There's no achievement here. If anything, my birthday is a reminder of the fact that somehow despite all of my many mistakes, I'm really doing just fine. I will be completely ok this year, and probably the year after. Without trying particularly hard, I've managed a little over a quarter of a century on this Earth. Looking back on it, I've wasted a good many of those. I never really felt that way before. There was just no sense of urgency.
One of the "grief" e-mails I got today encouraged me to write about my anger "to unload some of that pressure." That's how my birthday makes me feel. I'm angry. I'm angry that I don't have my son to celebrate it with. I'm angry that I get to nonchalantly cruise through the years when he barely got months. I'm angry about the e-mails in my inbox directed to "James Sikes" wishing him a happy birthday and offering him a good deal on a birthday dinner or bottle of wine. I'm angry at myself for filling out the forms with my first name. I'm angry about all of the time I feel like I wasted when he was here away from him. I'm angry that he never really had a chance, after all we put him through. I'm angry I can't hear him laugh, and that I've memorized all the recordings I have of him laughing down to the second. Above all, I am angry without purpose, because I'm not prepared to deal with the alternative.

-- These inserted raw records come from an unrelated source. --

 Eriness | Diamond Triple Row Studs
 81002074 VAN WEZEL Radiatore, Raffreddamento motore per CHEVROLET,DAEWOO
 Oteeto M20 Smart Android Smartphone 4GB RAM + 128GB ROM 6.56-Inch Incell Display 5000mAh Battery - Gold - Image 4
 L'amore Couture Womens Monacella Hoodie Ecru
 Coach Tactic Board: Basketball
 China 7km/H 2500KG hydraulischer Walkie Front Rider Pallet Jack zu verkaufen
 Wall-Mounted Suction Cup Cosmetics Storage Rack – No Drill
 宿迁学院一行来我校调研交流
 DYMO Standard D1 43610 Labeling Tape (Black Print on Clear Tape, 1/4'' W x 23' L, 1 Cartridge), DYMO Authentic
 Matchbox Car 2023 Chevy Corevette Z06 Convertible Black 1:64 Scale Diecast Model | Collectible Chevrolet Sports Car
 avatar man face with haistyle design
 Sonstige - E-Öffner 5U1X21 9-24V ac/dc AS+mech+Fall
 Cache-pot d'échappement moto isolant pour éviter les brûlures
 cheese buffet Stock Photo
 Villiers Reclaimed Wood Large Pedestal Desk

Some days are better. Some days I'm grateful for the time we had. And I am. I would never wish that James were not a part of my life. Holidays and events have an unfortunate tendency to remind me that he isn't, and focusing on that rarely ends well.
In other news, I'm slowly making way through the comments. I'm in June now. At this rate, I'll catch up with the current entries sometime next spring. Looking back, it's amazing how much support we had even in those early days. Thank you.